Task to carry out:
Copy the records below verbatim, from the first line through the line containing "Jízda ve Fordu Mustang 2014", inclusive, and output nothing else.

Short text fragments from websites
______________________________

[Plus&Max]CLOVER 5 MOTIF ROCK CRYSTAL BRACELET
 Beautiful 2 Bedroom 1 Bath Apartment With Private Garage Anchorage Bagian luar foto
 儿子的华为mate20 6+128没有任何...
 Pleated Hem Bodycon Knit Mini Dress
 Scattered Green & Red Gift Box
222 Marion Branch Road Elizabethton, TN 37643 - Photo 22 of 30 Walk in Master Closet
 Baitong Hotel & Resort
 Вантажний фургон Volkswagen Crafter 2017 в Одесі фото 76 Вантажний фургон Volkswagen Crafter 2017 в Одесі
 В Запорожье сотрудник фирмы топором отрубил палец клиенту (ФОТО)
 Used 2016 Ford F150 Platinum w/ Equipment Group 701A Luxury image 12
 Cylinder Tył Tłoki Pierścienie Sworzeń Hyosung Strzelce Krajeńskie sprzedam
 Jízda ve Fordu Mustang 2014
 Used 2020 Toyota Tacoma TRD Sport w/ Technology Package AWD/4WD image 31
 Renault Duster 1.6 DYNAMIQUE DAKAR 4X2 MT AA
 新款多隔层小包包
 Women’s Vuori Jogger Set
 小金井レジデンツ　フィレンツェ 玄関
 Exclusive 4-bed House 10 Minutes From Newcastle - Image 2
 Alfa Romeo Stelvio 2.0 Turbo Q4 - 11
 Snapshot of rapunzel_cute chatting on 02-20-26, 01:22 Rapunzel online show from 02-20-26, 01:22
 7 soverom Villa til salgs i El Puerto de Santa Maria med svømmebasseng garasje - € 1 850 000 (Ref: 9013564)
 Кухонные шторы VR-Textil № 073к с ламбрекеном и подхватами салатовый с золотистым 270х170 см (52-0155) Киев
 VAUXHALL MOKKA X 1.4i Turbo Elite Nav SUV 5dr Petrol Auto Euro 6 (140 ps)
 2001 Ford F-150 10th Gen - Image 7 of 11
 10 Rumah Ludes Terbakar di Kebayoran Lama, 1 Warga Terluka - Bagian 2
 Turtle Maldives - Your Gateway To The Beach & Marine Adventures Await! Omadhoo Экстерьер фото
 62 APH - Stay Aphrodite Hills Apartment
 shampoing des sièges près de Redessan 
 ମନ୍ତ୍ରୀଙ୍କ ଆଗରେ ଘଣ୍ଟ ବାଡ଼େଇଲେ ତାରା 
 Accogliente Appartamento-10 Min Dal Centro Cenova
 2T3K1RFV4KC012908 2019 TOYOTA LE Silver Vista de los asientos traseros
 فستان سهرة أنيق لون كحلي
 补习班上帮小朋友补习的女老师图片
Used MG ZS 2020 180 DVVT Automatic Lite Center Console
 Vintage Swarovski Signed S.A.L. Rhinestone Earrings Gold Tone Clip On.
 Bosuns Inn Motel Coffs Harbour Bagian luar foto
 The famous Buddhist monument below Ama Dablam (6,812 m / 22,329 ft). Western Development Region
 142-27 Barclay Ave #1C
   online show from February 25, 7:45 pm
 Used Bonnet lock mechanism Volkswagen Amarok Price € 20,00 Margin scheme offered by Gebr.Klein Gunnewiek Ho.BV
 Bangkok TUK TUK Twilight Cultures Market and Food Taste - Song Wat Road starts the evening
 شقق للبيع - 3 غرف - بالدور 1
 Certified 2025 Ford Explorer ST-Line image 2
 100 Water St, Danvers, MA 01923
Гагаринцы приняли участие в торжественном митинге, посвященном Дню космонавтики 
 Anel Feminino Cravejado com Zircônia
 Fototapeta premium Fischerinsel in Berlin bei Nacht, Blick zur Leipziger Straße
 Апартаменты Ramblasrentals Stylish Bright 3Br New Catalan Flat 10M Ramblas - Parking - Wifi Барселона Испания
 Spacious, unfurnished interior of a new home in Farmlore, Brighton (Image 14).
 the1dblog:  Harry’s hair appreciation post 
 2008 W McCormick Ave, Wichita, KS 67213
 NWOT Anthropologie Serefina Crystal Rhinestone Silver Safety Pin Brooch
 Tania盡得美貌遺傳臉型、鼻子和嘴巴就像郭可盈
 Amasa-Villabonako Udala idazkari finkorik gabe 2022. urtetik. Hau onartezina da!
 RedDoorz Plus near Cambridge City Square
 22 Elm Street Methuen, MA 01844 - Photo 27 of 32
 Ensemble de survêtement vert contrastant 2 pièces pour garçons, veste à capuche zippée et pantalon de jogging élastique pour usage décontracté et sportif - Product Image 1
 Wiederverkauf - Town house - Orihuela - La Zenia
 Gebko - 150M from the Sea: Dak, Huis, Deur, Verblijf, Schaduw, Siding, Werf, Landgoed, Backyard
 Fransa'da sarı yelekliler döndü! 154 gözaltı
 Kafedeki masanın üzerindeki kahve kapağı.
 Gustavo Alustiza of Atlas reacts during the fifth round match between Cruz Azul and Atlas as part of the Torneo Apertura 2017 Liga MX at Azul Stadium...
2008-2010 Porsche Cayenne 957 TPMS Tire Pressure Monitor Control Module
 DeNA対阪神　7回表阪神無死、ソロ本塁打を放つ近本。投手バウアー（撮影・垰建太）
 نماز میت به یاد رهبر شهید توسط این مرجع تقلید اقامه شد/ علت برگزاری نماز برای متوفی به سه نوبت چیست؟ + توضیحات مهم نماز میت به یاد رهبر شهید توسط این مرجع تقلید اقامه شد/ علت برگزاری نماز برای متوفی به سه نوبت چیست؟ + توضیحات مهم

______________________________

Answer to the problem:
[Plus&Max]CLOVER 5 MOTIF ROCK CRYSTAL BRACELET
 Beautiful 2 Bedroom 1 Bath Apartment With Private Garage Anchorage Bagian luar foto
 儿子的华为mate20 6+128没有任何...
 Pleated Hem Bodycon Knit Mini Dress
 Scattered Green & Red Gift Box
222 Marion Branch Road Elizabethton, TN 37643 - Photo 22 of 30 Walk in Master Closet
 Baitong Hotel & Resort
 Вантажний фургон Volkswagen Crafter 2017 в Одесі фото 76 Вантажний фургон Volkswagen Crafter 2017 в Одесі
 В Запорожье сотрудник фирмы топором отрубил палец клиенту (ФОТО)
 Used 2016 Ford F150 Platinum w/ Equipment Group 701A Luxury image 12
 Cylinder Tył Tłoki Pierścienie Sworzeń Hyosung Strzelce Krajeńskie sprzedam
 Jízda ve Fordu Mustang 2014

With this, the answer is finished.